WORK INSTRUCTIONS
Filter the records for "background" and keep each line that has it.

(Short text fragments from websites)
* * * * *

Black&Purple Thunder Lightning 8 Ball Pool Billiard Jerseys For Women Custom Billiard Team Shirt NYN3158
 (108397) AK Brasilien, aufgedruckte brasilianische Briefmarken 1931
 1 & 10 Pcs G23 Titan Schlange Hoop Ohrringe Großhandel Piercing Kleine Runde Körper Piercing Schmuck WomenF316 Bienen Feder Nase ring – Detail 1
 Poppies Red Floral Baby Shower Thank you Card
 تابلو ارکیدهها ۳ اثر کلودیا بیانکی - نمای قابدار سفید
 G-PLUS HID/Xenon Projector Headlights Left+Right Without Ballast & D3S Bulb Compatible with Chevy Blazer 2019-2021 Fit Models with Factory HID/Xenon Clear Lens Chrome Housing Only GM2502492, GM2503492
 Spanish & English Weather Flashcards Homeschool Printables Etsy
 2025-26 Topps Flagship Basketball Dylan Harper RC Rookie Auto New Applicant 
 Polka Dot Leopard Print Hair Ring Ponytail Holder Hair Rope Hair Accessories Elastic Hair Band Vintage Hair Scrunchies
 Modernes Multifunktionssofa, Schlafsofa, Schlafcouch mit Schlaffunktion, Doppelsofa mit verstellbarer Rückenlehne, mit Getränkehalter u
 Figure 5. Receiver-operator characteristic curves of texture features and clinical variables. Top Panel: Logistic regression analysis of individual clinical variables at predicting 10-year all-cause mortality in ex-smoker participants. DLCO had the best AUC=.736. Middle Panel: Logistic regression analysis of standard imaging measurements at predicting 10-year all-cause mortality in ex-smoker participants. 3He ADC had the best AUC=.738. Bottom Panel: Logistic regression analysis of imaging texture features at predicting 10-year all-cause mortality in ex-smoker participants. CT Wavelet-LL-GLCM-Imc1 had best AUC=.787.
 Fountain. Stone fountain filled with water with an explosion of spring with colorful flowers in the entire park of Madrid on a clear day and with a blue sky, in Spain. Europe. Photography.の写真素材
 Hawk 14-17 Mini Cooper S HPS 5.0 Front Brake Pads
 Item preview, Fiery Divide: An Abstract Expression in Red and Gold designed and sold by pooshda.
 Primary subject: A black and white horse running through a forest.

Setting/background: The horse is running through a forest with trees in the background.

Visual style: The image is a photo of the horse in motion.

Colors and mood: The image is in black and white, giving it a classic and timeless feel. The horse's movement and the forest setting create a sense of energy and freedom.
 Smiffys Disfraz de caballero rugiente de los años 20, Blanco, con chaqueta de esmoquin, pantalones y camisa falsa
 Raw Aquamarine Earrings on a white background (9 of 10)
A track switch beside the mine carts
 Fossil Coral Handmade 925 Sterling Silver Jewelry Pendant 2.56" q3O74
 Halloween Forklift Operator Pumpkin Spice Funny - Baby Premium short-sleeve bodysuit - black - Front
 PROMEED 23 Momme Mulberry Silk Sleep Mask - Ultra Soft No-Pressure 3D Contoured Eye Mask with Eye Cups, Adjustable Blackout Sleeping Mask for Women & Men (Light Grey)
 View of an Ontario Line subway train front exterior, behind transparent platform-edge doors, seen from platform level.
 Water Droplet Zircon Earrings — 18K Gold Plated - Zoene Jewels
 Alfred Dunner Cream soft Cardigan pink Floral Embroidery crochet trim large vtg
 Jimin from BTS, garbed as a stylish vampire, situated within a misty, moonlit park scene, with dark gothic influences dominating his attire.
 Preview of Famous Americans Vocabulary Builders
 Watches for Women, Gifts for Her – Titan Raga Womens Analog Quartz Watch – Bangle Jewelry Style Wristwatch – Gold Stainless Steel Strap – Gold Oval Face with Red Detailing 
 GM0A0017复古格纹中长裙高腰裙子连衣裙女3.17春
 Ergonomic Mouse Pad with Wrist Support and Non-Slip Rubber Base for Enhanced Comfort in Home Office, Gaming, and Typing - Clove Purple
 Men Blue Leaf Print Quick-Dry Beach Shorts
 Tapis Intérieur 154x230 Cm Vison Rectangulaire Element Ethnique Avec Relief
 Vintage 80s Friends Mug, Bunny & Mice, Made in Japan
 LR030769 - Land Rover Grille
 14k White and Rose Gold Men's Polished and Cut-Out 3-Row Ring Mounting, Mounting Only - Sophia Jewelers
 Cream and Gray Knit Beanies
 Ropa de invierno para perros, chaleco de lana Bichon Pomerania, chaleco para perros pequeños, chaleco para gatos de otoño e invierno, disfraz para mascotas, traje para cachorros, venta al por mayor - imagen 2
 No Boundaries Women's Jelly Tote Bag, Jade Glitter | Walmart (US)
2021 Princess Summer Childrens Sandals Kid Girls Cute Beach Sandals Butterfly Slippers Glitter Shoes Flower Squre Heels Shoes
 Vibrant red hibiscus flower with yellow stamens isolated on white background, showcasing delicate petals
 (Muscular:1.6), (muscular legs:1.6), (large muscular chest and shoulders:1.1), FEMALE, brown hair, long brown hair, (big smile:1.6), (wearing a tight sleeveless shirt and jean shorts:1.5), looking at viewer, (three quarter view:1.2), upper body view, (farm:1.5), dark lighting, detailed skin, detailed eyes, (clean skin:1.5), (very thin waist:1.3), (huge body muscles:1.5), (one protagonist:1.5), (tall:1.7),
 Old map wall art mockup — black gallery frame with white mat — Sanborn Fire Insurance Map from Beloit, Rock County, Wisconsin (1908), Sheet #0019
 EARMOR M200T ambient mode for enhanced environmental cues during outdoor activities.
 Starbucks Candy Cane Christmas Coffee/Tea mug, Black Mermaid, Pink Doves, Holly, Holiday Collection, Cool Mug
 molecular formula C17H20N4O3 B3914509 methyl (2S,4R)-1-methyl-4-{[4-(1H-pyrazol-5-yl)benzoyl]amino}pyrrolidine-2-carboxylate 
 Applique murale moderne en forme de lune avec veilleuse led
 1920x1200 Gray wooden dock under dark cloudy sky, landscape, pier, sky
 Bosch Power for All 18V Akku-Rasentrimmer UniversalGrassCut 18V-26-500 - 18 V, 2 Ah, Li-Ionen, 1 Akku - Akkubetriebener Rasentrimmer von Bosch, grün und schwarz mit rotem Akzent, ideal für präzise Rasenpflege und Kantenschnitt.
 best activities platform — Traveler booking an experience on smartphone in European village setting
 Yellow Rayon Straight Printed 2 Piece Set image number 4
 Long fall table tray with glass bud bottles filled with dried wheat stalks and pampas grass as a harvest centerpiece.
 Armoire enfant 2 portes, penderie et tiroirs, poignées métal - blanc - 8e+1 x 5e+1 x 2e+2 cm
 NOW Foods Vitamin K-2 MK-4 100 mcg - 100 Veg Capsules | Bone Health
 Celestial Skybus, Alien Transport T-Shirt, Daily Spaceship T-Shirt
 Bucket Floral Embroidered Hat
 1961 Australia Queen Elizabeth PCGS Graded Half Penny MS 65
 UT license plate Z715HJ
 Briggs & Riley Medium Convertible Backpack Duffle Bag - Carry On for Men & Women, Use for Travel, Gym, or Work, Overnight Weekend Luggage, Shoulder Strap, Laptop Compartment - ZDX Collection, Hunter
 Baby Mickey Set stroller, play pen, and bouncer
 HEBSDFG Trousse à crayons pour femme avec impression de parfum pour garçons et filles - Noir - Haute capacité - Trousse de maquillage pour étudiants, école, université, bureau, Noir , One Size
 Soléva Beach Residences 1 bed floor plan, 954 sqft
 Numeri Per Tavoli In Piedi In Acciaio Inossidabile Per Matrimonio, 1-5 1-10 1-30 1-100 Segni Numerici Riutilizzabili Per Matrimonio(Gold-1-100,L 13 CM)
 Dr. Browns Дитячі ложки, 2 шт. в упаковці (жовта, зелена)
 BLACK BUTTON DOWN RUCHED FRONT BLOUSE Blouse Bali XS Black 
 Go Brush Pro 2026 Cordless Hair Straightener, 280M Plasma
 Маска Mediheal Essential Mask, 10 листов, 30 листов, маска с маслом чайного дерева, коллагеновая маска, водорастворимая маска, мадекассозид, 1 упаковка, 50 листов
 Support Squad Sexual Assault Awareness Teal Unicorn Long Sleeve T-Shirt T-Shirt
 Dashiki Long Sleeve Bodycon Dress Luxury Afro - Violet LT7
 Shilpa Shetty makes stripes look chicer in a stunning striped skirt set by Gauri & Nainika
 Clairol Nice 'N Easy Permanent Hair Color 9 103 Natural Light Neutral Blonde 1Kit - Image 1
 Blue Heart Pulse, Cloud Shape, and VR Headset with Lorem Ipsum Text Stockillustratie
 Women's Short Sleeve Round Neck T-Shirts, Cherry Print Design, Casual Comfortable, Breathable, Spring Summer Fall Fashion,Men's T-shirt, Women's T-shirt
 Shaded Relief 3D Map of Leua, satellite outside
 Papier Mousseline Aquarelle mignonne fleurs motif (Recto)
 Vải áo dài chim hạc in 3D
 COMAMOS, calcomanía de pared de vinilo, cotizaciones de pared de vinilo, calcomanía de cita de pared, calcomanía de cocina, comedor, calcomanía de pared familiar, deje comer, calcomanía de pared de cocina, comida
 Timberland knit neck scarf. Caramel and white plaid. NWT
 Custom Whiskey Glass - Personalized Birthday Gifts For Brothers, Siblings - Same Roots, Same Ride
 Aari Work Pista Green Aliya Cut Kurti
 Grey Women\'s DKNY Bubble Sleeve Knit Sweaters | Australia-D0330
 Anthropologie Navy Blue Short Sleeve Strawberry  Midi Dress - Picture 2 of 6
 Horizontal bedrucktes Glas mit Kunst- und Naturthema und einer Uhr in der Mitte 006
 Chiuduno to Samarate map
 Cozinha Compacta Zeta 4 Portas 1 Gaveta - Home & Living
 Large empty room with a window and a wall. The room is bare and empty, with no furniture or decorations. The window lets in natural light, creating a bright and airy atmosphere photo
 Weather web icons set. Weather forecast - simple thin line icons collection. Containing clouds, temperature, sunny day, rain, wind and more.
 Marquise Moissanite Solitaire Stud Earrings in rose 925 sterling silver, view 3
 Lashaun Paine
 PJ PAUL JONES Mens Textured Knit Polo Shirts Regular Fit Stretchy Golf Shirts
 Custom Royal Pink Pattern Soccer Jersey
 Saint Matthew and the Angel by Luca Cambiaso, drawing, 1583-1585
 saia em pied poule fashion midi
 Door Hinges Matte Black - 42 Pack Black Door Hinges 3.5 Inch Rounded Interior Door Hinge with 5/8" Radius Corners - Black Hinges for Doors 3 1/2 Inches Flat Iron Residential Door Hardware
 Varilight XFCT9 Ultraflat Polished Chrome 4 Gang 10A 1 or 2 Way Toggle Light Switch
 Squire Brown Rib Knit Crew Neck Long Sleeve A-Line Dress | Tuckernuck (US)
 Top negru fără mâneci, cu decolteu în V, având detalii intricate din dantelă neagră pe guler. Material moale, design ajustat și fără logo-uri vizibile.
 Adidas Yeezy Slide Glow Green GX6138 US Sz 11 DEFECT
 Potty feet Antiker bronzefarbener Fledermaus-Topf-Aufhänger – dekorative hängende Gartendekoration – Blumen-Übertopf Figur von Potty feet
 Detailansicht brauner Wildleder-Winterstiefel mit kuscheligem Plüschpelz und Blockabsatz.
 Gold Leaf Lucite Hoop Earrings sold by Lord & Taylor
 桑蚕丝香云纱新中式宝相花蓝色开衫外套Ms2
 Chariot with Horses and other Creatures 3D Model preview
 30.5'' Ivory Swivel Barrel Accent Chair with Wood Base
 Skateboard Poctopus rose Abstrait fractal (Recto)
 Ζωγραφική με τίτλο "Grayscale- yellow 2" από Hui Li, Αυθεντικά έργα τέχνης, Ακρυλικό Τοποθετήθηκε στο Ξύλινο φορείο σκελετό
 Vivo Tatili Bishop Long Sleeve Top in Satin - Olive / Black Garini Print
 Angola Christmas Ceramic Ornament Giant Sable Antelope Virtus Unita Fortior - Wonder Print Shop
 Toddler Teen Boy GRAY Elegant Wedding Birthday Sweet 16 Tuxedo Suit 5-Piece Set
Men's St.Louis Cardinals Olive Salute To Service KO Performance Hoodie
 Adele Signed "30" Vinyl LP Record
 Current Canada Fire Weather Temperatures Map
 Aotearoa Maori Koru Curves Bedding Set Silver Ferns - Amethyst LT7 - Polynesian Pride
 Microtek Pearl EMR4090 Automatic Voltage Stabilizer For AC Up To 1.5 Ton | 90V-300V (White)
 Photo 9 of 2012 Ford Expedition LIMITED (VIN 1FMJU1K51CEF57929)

* * * * *

YOUR RESPONSE
Setting/background: The horse is running through a forest with trees in the background.
 Raw Aquamarine Earrings on a white background (9 of 10)
 Vibrant red hibiscus flower with yellow stamens isolated on white background, showcasing delicate petals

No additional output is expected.